Mike Dibb (left) with John Berger filming Pig Earth (1979)
Sight and Sound

In 1972, the BBC Arts department partnered the director Mike Dibb with writer John Berger to make a four-part series on the history of art. Fourteen years Berger’s junior, Dibb was surprised at how collaborative and trusting their working relationship became. Scripts were written and rewritten on the shared understanding that the fundamental assignment of the programme was to introduce the public to three radical concepts: the impact of photographic reproduction on oil painting, the influence of the male gaze, and the role of visual arts in consumerism and commodification.

Made on a shoestring budget and filmed in a goods shed in Ealing, Dibb named the series Ways of Seeing. The series was an immediate success; its opening scene depicting Berger, scalpel in hand, cutting out the head of Venus in Botticelli’s Venus and Mars issued something of a public riposte to the luxuriant connoisseurship of Kenneth Clark’s earlier BBC series Civilisation (1969). Ways of Seeing had captured a public mood receptive to radical post-1968 politics, and half a century later it remains the blueprint for bringing Marxist criticism to a wider public.

Dibb maintained a lifelong friendship with Berger, the pair making three more films together. Crucially for Dibb, Ways of Seeing established a collaborative practice as a film essayist which has endured in his work. Each of Dibb’s films is a dialogue, and his filmography post-Berger includes conversations with a number of other major thinkers and artists: David Hockney, Edward Said, Stuart Hall, A.S. Byatt and the jazz musician Barbara Thompson have all shared and questioned their work through his lens.

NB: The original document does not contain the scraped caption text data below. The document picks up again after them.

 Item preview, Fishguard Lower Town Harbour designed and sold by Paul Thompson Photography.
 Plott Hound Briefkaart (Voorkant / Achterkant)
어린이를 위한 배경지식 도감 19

Mike Dibb filming David Hockney sketching Celia Birtwell for Seeing Through Drawing (1978)

Dibb’s films haven’t always relied on the authority of a central presenter, however. Some of his best work can be found in thematic series such as Seeing Through Drawing (1978) or, notably, Fields of Play (1982), a ruminating, abstract series, devised entirely by the director, which explored the meaning and necessity of play in human society. 

Fields of Play contains the best examples of what makes Dibb the leading exegetist of ideas in television. In the first episode, Plays of Meaning, a conversation between Dibb and Brian Sutton-Smith, the leading theorist of play, is overlaid with a montage of quick edits, before Dibb’s camera strays from the academic to focus on small details around the room – first his bookshelf, then a photograph on the wall – just as one’s attention might wander in person. Dibb is employing a sense of filmic play to engage with Sutton-Smith.

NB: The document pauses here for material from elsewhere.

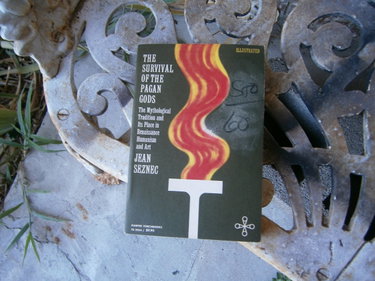 Couverture de Survival of the Pagan Gods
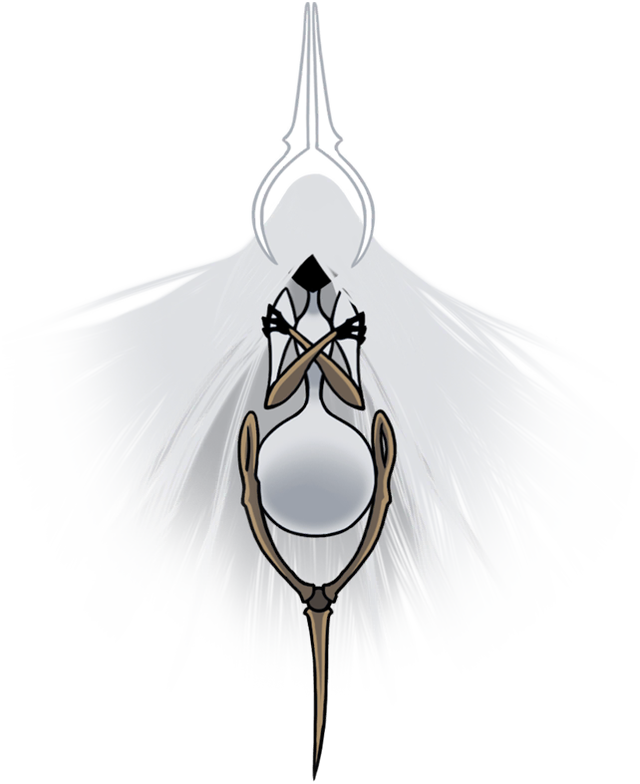 Grand Mother Silk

In doing so, he departs from the traditions of documentary television: where other directors point at and film talking heads, Dibb’s editing and camerawork have an impish attraction to detail and anecdote to illuminate his subject. Often the focus is on hands: the hands of artists, factory workers and musicians, or the gesticulations of a storyteller. In other instances, brief, subtly composed set pieces provide diverting yet deeply considered context for the film’s subject: Dibb interviews assembly-line workers at the Dunlop tennis ball factory in Barnsley before meeting John McEnroe at a publicity launch; he settles into the stands to watch cricket with C.L.R. James in Yorkshire; he films detectives from the Detroit police department reading passages of Elmore Leonard aloud to Leonard himself; then we see Dibb’s camera perusing inner-city advertising billboards while Raymond Williams’s commentary describes English literature’s nostalgia for a mythic rural past. 

Mike Dibb and crew filming C.L.R. James for Beyond a Boundary (1976)

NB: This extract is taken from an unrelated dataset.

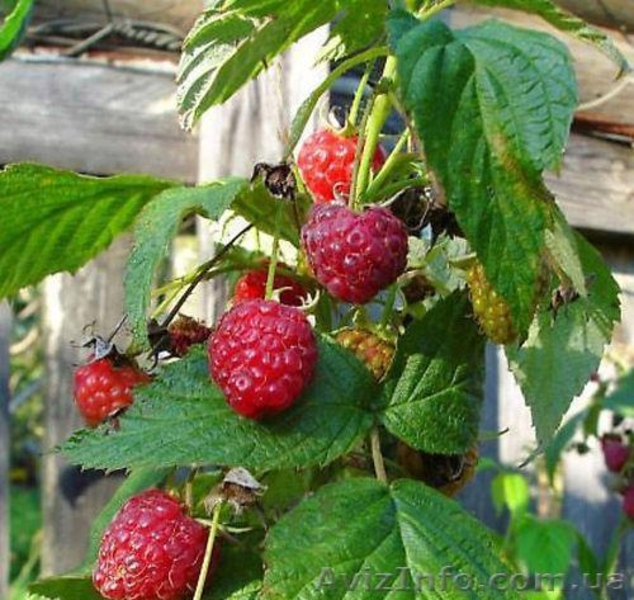 САДЖАНЦІ РОСЛИН - <ro>Изображение</ro><ru>Изображение</ru> #2, <ru>Объявление</ru> #151547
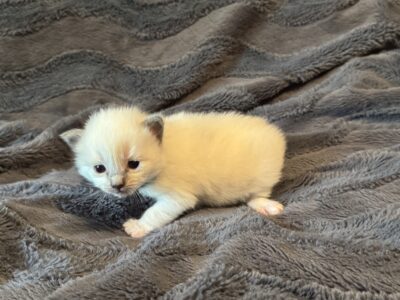 Siri – Blue Point Mitted Ragdoll Kitten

While contributing to the canon of British arts television, Dibb has simultaneously subverted it, bringing a series of socialist, internationalist essay films to mainstream television. His work occupies an exceptional space in British filmmaking, shared by a small clutch of artistically and socially engaged documentarians, including the late Marc Karlin, Penny Woolcock, Molly Dineen and Kim Longinotto.

As the stylistic breadth of nonfiction television contracts, and the categories of documentary and artist’s moving image expand, it is clear that if Dibb were under 50 his collaborative practice would find its natural home in galleries and arthouse cinemas rather than in primetime terrestrial schedules, as it did in the 70s and 80s. The success and recognition he has had within traditional television has been remarkable; but the nature of broadcast has meant that, aside from the permanent presence of Ways of Seeing on YouTube, there are few opportunities to revisit his work after its transmission date. The Whitechapel Gallery’s online season does offer the opportunity, though; and there is more work to come: his next film – a profile of Donny Johnson, an American prisoner in decades of solitary confinement redeemed by a radical art practice – is due to air this year on the BBC.